Exercise instructions:
Could you output each line below precisely as it stands, without the images?

Records for this task:

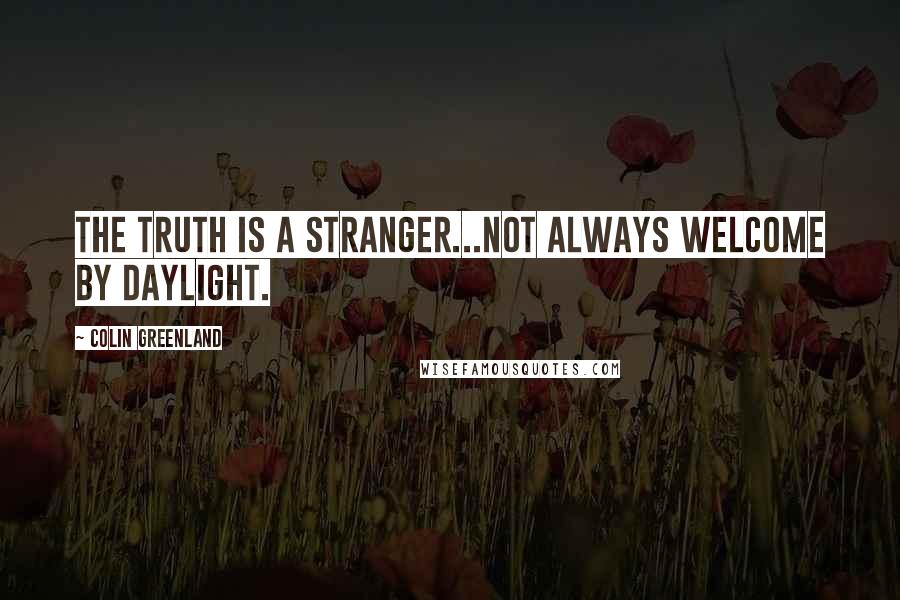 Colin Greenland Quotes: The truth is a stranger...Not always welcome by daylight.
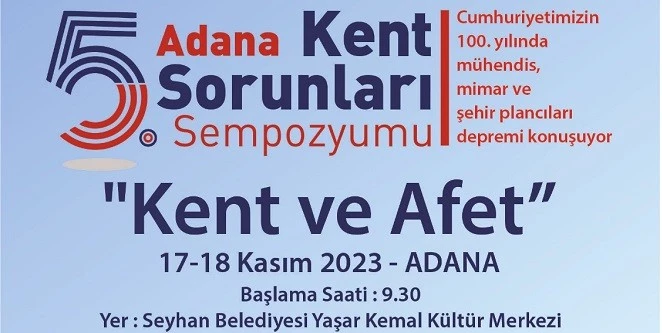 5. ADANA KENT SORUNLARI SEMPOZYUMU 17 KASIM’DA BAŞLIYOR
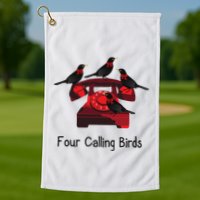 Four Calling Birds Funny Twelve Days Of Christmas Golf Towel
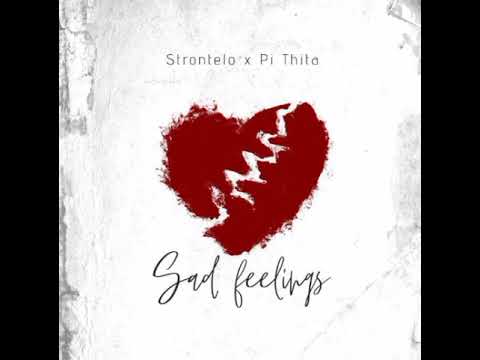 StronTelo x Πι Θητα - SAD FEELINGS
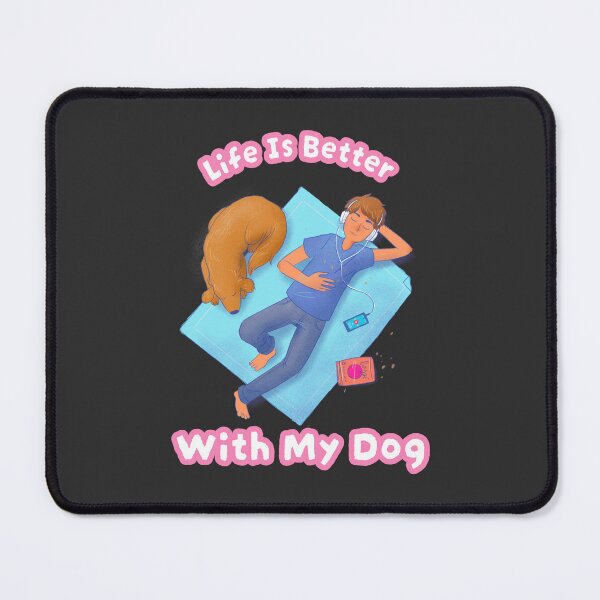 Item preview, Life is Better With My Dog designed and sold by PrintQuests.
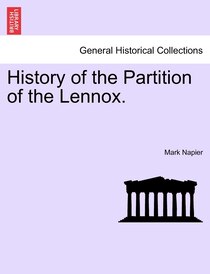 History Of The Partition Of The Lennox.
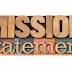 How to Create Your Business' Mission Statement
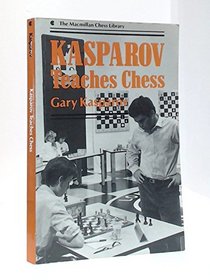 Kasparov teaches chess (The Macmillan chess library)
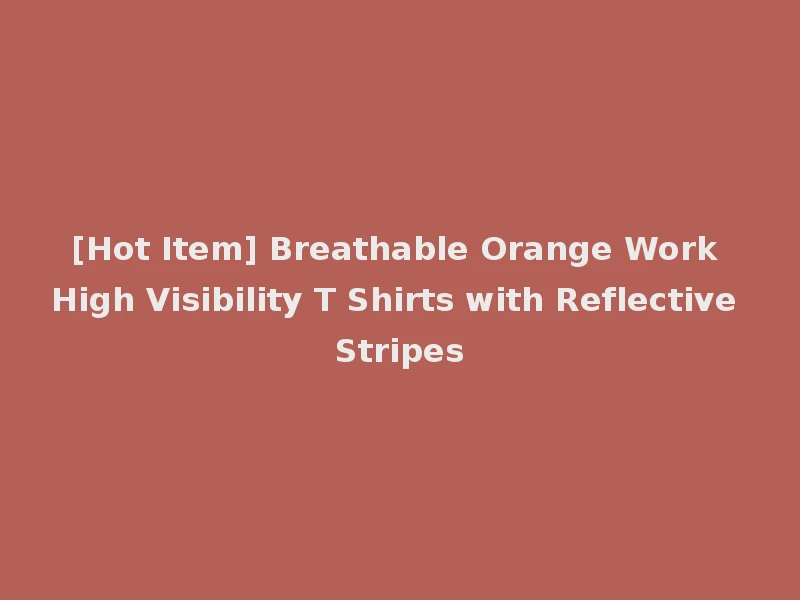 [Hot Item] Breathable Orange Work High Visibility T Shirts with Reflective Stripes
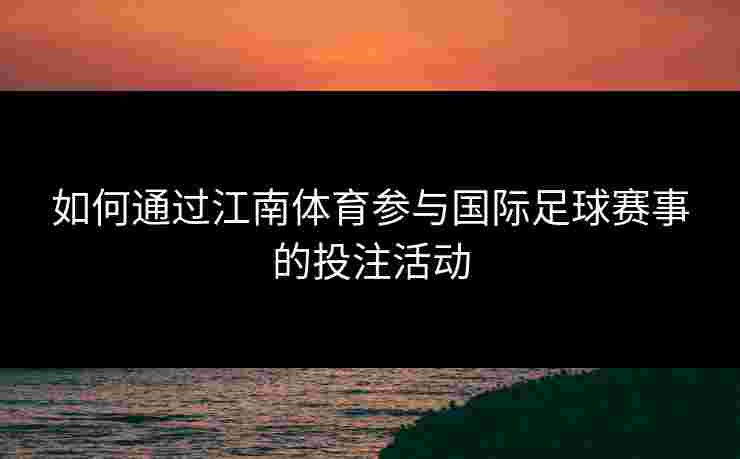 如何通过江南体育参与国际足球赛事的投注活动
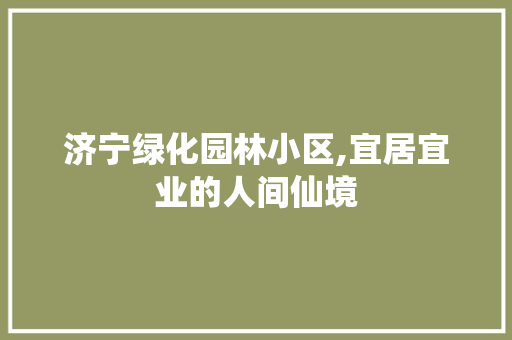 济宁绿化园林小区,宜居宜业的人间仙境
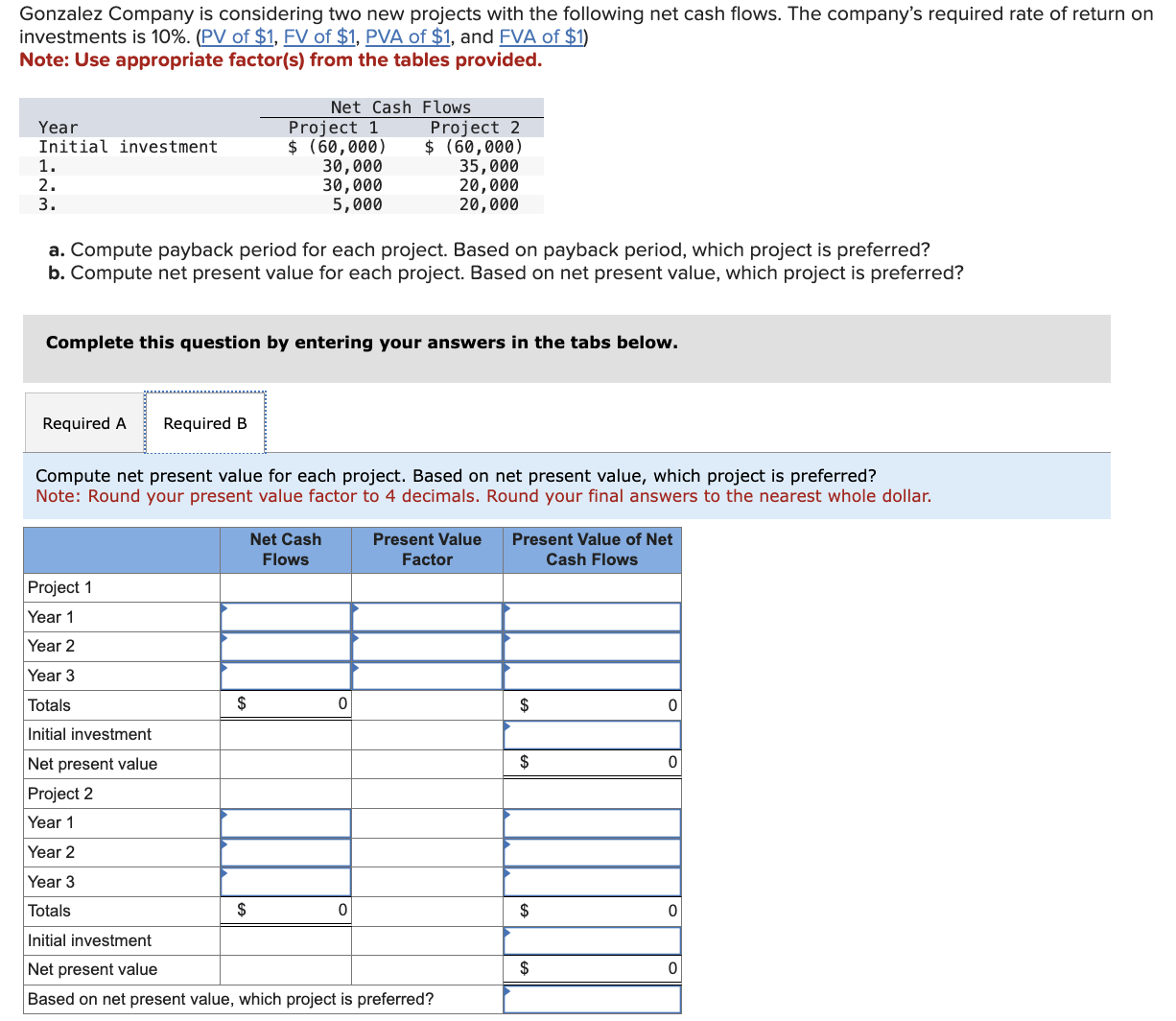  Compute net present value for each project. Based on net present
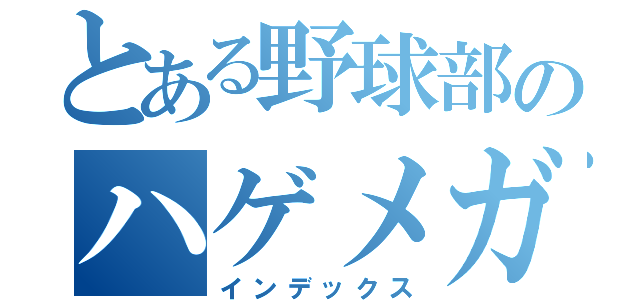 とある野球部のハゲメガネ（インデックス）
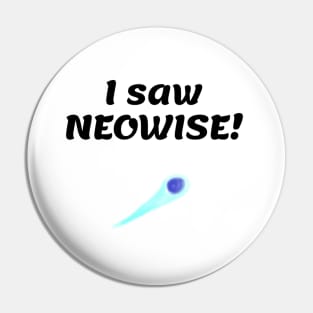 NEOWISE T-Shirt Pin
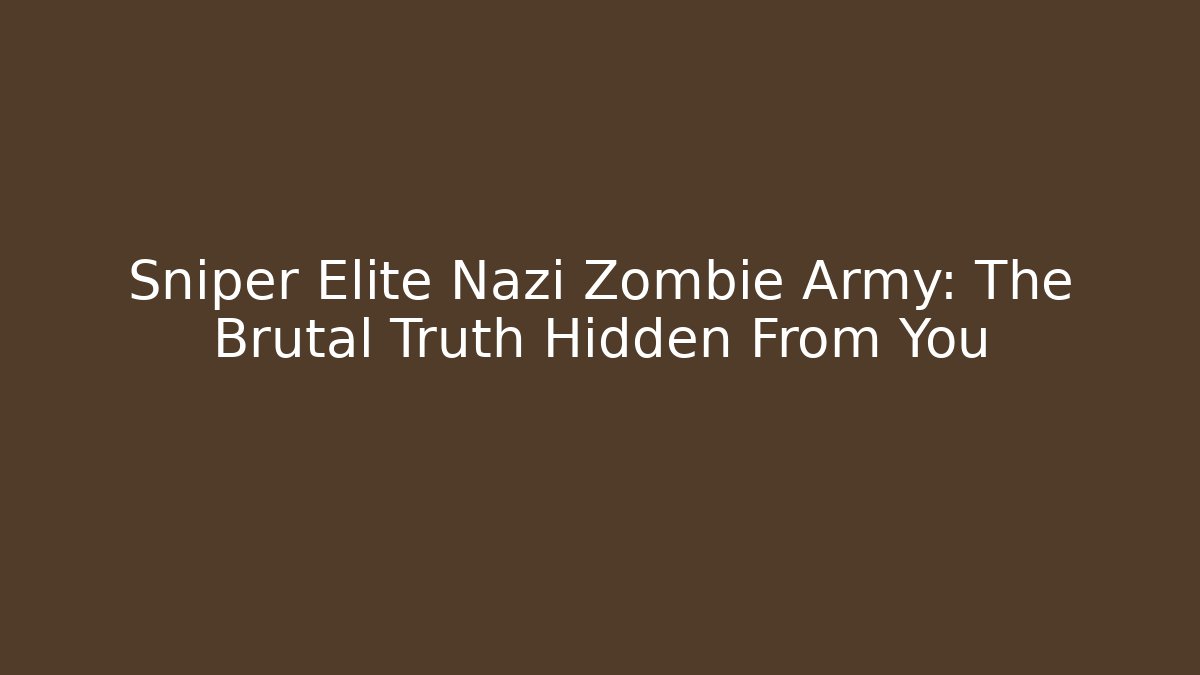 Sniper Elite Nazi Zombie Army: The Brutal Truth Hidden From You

Exercise output:
 Colin Greenland Quotes: The truth is a stranger...Not always welcome by daylight.
 5. ADANA KENT SORUNLARI SEMPOZYUMU 17 KASIM’DA BAŞLIYOR
 Four Calling Birds Funny Twelve Days Of Christmas Golf Towel
 StronTelo x Πι Θητα - SAD FEELINGS
 Item preview, Life is Better With My Dog designed and sold by PrintQuests.
 History Of The Partition Of The Lennox.
 How to Create Your Business' Mission Statement
 Kasparov teaches chess (The Macmillan chess library)
 [Hot Item] Breathable Orange Work High Visibility T Shirts with Reflective Stripes
 如何通过江南体育参与国际足球赛事的投注活动
 济宁绿化园林小区,宜居宜业的人间仙境
  Compute net present value for each project. Based on net present
 とある野球部のハゲメガネ（インデックス）
 NEOWISE T-Shirt Pin
 Sniper Elite Nazi Zombie Army: The Brutal Truth Hidden From You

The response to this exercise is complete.